**Your assignment:**
The line with "Copper-Infused Back Brace" marks the first line to copy, and the line with "Plaid Fringe Hem Coat | Nuuly" marks the last. Transcribe that stretch of the data below exactly, without pictures.

**Provided entries:**
=-=-=-=-=

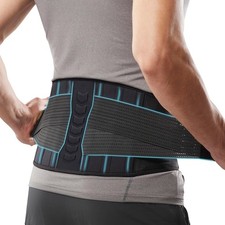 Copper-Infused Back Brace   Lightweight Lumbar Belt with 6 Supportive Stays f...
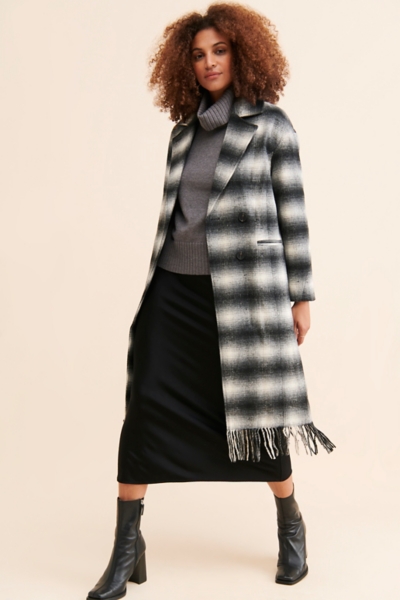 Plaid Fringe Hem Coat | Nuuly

=-=-=-=-=

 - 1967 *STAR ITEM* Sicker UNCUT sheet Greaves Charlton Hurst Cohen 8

=-=-=-=-=

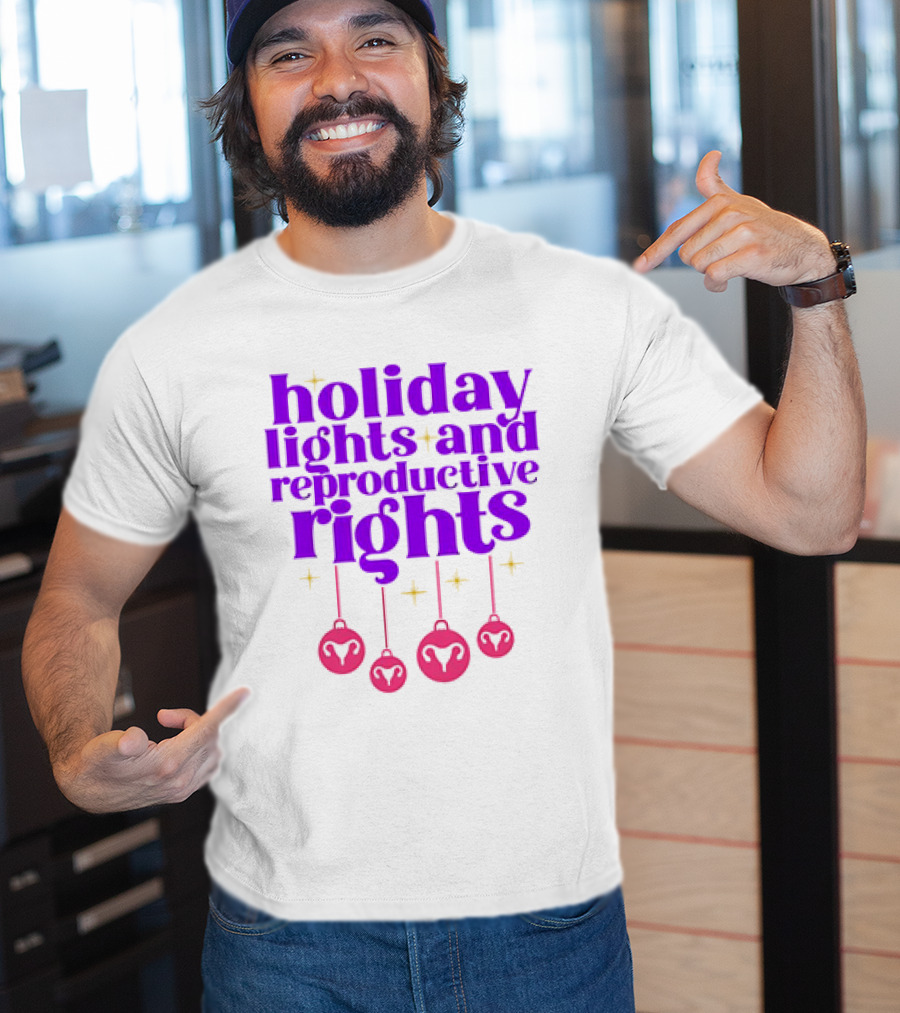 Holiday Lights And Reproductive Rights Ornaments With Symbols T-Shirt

=-=-=-=-=

**Written solution:**
 Copper-Infused Back Brace   Lightweight Lumbar Belt with 6 Supportive Stays f...
 Plaid Fringe Hem Coat | Nuuly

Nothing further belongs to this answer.